+++ Material for this task

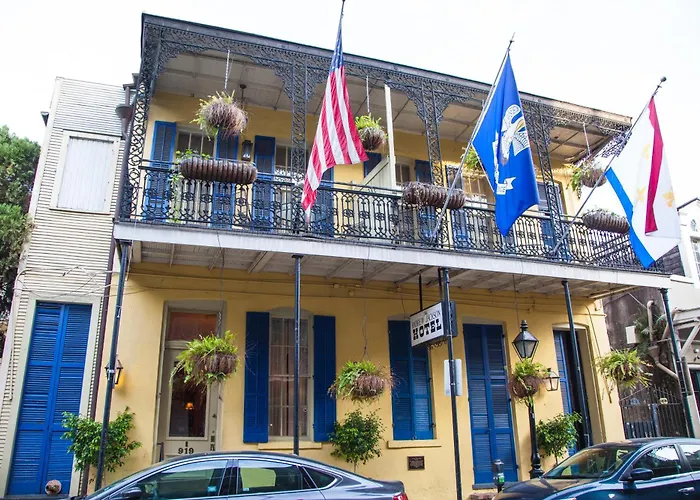 Andrew Jackson Hotel French Quarter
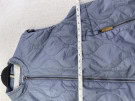 CAMEL ACTIVE VEST MINIMAL BLUE GREY MEN PRE OWNED S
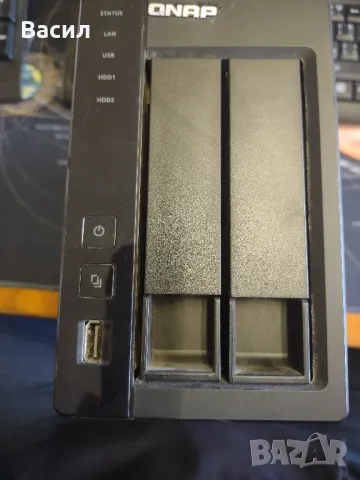 Мрежово устройство за съхранение на файлове QNAP TS-219P II, снимка 4 - Твърди дискове - 45332834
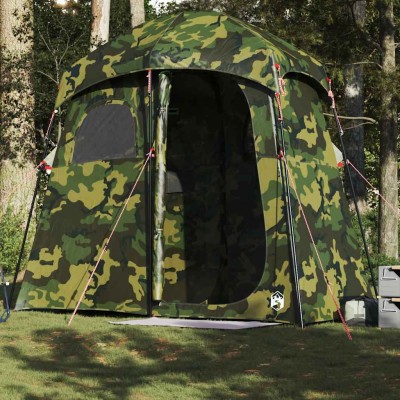 Shower tent, chimney,...
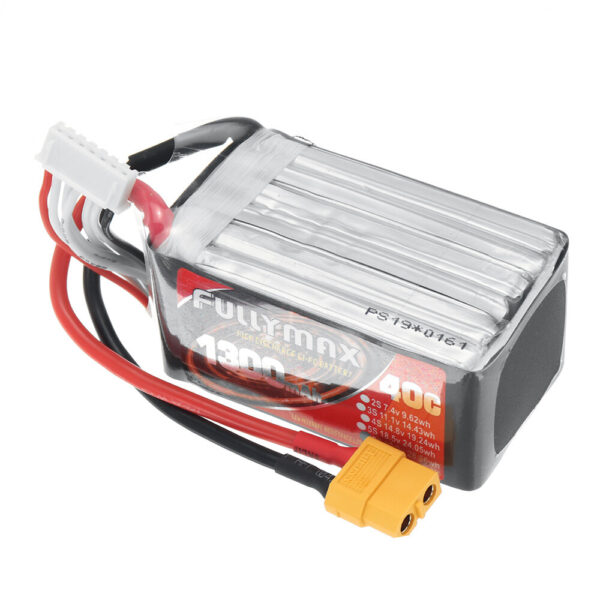 YXZNRC F280 3D/6G 6CH RC Helicopter Parts 22.2V 1300mAh 90C Battery - Image 3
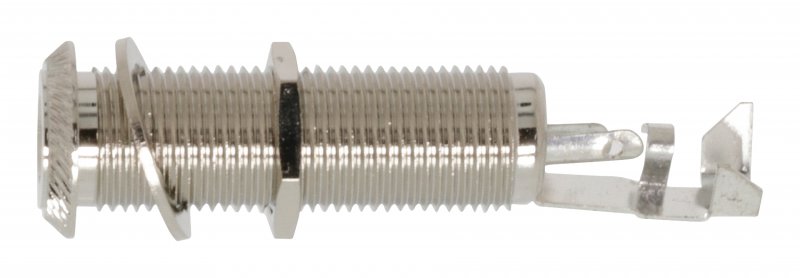 Mono Konektor 6.35 mm Zásuvka Stříbrná - obrázek č. 5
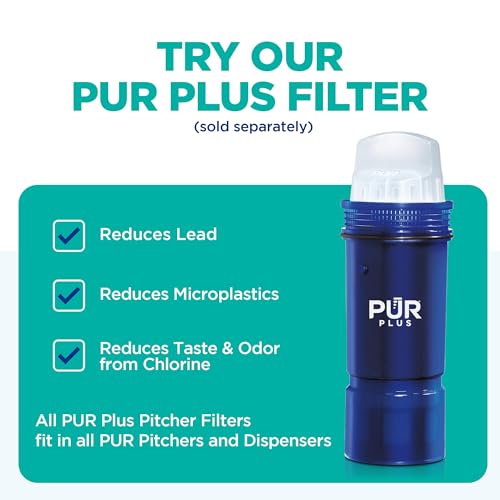 Slim 8 Cup Water Filter Pitcher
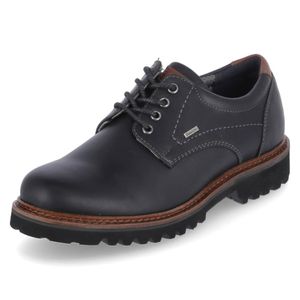 SIOUX Adalrik-703-TEX-H Casual Schnürschuh Extraweit H Tex, Größe:EU 42.5 | UK 8.5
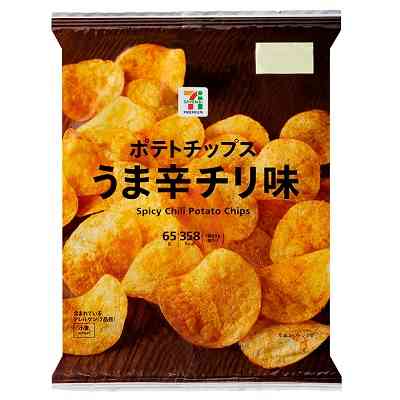 コンビニのプライベート商品のお菓子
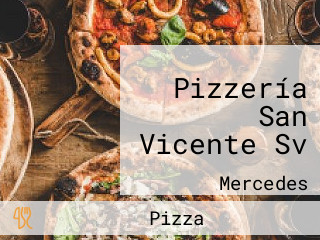 Pizzería San Vicente Sv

++++++

Without any pictures, reproduce the lines from the first one in the material through the line that has "Mono Konektor 6.35", exactly as they appear.

Worked solution |
 Andrew Jackson Hotel French Quarter
 CAMEL ACTIVE VEST MINIMAL BLUE GREY MEN PRE OWNED S
 Мрежово устройство за съхранение на файлове QNAP TS-219P II, снимка 4 - Твърди дискове - 45332834
 Shower tent, chimney,...
 YXZNRC F280 3D/6G 6CH RC Helicopter Parts 22.2V 1300mAh 90C Battery - Image 3
 Mono Konektor 6.35 mm Zásuvka Stříbrná - obrázek č. 5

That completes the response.